Horst Lenner steht für seinen Beruf wie kaum ein anderer. Erinnert er sich an seine Kindheit zurück, werden seine Augen leicht wässrig. Feuerwehrmann, Polizist, Geschäftsmann? Nein. Geboren und aufgewachsen in Nördlingen als Sohn einer Hausfrau und eines Bundesbahnbeamten, stand der Berufswunsch des Türmers für ihn schon immer fest. „Wir sind als Kinder ganz oft im Turm gewesen zum Spielen“, erzählt er, „es war immer eine große Ehre für uns, wenn wir im Turm unseren Schabernack getrieben haben und wir dann für den Türmer ein ‚Leberkäsweckle‘ holen durften.“ Für ihn war es stets faszinierend, abends mit seinen Eltern durch die Stadt zu spazieren und um 22 Uhr den traditionellen Ruf des Türmers zu hören – „So G’sell so“. Umso größer der Stolz, dass er heute derjenige ist, der dieser Tradition nachgeht. Jede Nacht. Mindestens 20 Mal. In alle vier Himmelsrichtungen. Der Ruf steht sogar auf dem Ofen in der Türmerstube eingraviert – „damit man ihn nicht vergisst, hat man mal ein bisschen zu viel Wein getrunken“, witzelt Lenner.
Werte für ein ganzes Leben: Die gute Laune verdirbt ihm keiner so schnell. „Meine Mutter war eine herzensgute Frau, die mir sehr viel fürs Leben mitgegeben hat. Zuverlässigkeit, Liebe, Warmherzigkeit. Und auch mein Vater war immer wie ein Kumpel für mich und ein sehr ehrenhafter und willensstarker Mann. Diese Werte habe ich in meinem ganzen Leben weitergetragen und ich war immer schon sehr harmoniebedürftig“, erinnert er sich.

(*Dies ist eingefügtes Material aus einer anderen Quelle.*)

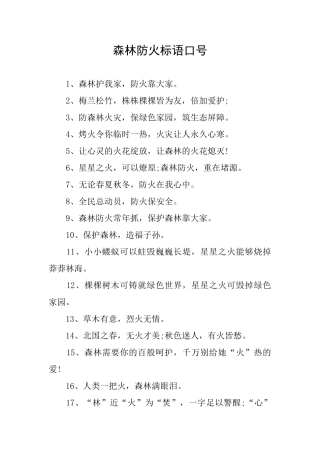 森林防火标语口号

Was ist es eigentlich, was die Arbeit hier so besonders macht? Das Gefühl, sagt Lenner. „Es ist großartig, hier auf dem Turm über den Dingen zu sein. Der Ausdruck ‚Türmen‘ stammt aus dem Mittelalter für ‚Abhauen‘, ‚in Sicherheit bringen‘. Oben war man einfach sicher.“
Ein Tag auf dem Turm geht zu Ende: Das Glöckchen, das per Seilzug mit der Eingangstür zur Kasse verbunden ist, im Turm klingelt. Neue Besucher sind gekommen. Die meisten von ihnen kaufen als Andenken eine der vielen verschiedenen Postkarten, die sie hier auch abstempeln lassen können. Der neuester Besucher ist gerade mal halb so groß wie der Türmer und vermutlich gerade mal ein Siebtel so alt. Hat man eine so berühmte Mitarbeiterin wie Wendelstein, dann interessieren sich plötzlich auch die Kleinsten für Tradition und Geschichte. Die Postkarte mit der Katze hat es dem Jungen besonders angetan. Lenner schenkt sie ihm – wieder jemanden glücklich gemacht.
Es ist spät geworden, die Kirchenglocken schlagen nicht mehr. Um 21:58 Uhr steigt der Türmer von Nördlingen die 18 Stufen auf den oberen Kranz hoch. Er blickt auf die Lichter der Stadt, schließt die Augen, neben sich Wendelstein, die sich sanft an seine Beine schmiegt, und ruft mit klarer, voller Stimme, gegen die kein Wind und nicht einmal die Nördlinger Stadtmauer ankommt: „So G’sell so“ – ein Ruf, den Hottle selbst nach einem Gläschen Wein niemals vergessen würde.